Quali sarebbero le mosse da fare per raggiungere questo scopo?

Leonardo Becchetti: Per riportare il sistema finanziario al sistema dell’economia reale basterebbero quattro piccole mosse che sono quelle che come “campagna 005” noi proponiamo, cioè: la tassa sulle transazioni, la separazione tra banca commerciale e banca d’affari, la regolamentazione dei derivati e la lotta ai paradisi fiscali.

Lei ha mai sentito un’autocritica da parte delle istituzioni di controllo, che si sono rivelate incapaci di ostacolare gli eccessi del mercato?

Leonardo Becchetti: Ci sono stati rapporti di autorità diverse, anche indipendenti, che hanno spiegato molto bene i problemi. Oggi si concorda su quelli che sono i problemi: penso al rapporto Vickers nel Regno Unito e al rapporto Liikanen scritto dagli esperti in regolamentazione nell’Unione Europea. Il problema vero è che sebbene tutti abbiano capito che cosa si dovrebbe fare, ancora non abbiamo trovato la forza di farlo. E questo è un problema di rapporti di forza: quando l’Europa ha dimostrato che con decisione vuole imporre la tassa sulle transazioni finanziarie le grandi lobby hanno mandato centinaia di lobbisti a Bruxelles per convincerli a fare il contrario. Questo è il normale gioco dell’economia, il problema è che questa lobby è diventata troppo grande e ci è sfuggita di mano.

Le mosse per riformare ancora il mercato finanziario che ha menzionato prima, nell’agenda della campagna 005, sono in linea con la dottrina sociale della Chiesa?

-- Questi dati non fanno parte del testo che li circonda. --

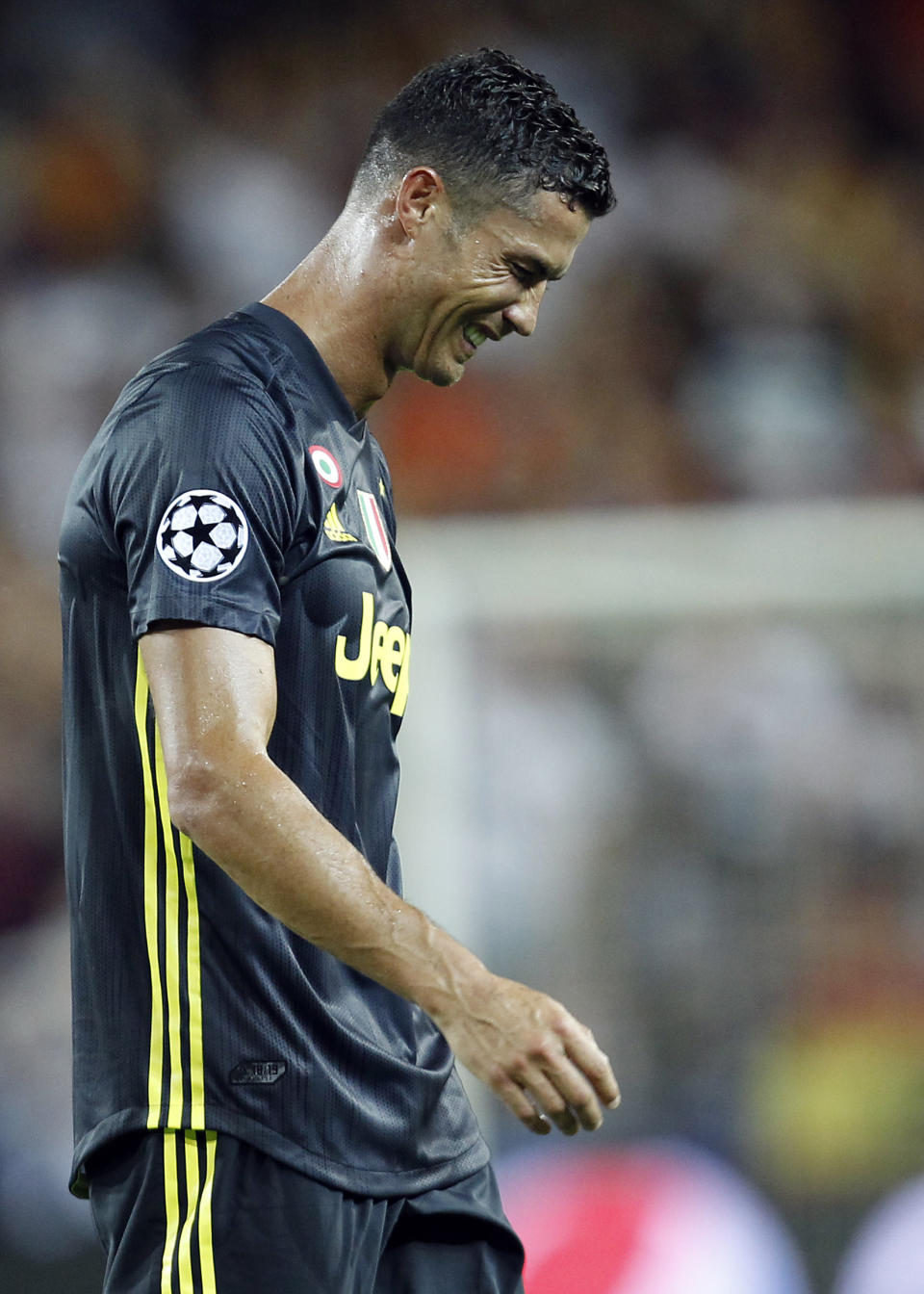 FILE - In this Wednesday, Sept. 19, 2018 file photo, Juventus forward Cristiano Ronaldo reacts after receiving a red card during the Champions League, group H soccer match between Valencia and Juventus, at the Mestalla stadium in Valencia, Spain. Lawyers for a Nevada woman who has accused Cristiano Ronaldo of raping her say a psychiatrist determined she suffers post-traumatic stress and depression because of the alleged 2009 attack in Las Vegas. Kathryn Mayorga's attorney, Leslie Stovall, told reporters Wednesday that the psychiatrist's medical opinion is that Mayorga's psychological injuries made her "incompetent" to legally reach a non-disclosure settlement with Ronaldo's representatives in 2010. (AP Photo/Alberto Saiz, File)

Leonardo Becchetti: Certamente sì. La Commissione Giustizia e Pace internazionale ha scritto diversi documenti sottolineando l’importanza di una finanza al servizio dell’economia reale e del bene comune, e si è dichiarata fortemente a favore – provocando anche polemiche qualche tempo fa – di una tassa sulle transazioni che penalizzasse l’uso speculativo del denaro rispetto all’uso tradizionale di finanziamento all’economia e che servisse a finanziare i pubblici globali. Quindi siamo pienamente in questo solco. Tra l’altro il Pontificio Consiglio Giustizia e Pace del Vaticano è molto attivo in questo periodo proprio per lavorare a queste proposte di riforma della finanza. La finanza può essere una slot machine, oppure può essere un sistema che crea valore reale e che produce inclusione sociale – penso a quando andiamo a capitalizzare banche del microcredito oppure finanziamo banche tradizionali. Direi dunque che oggi la frontiera principale su cui si gioca il nostro futuro è proprio quello della finanza, e la dottrina sociale ne è pienamente conscia a partire dalla Caritas in Veritate fino a tutto quello che è stato scritto dopo, dalla globalizzazione in poi.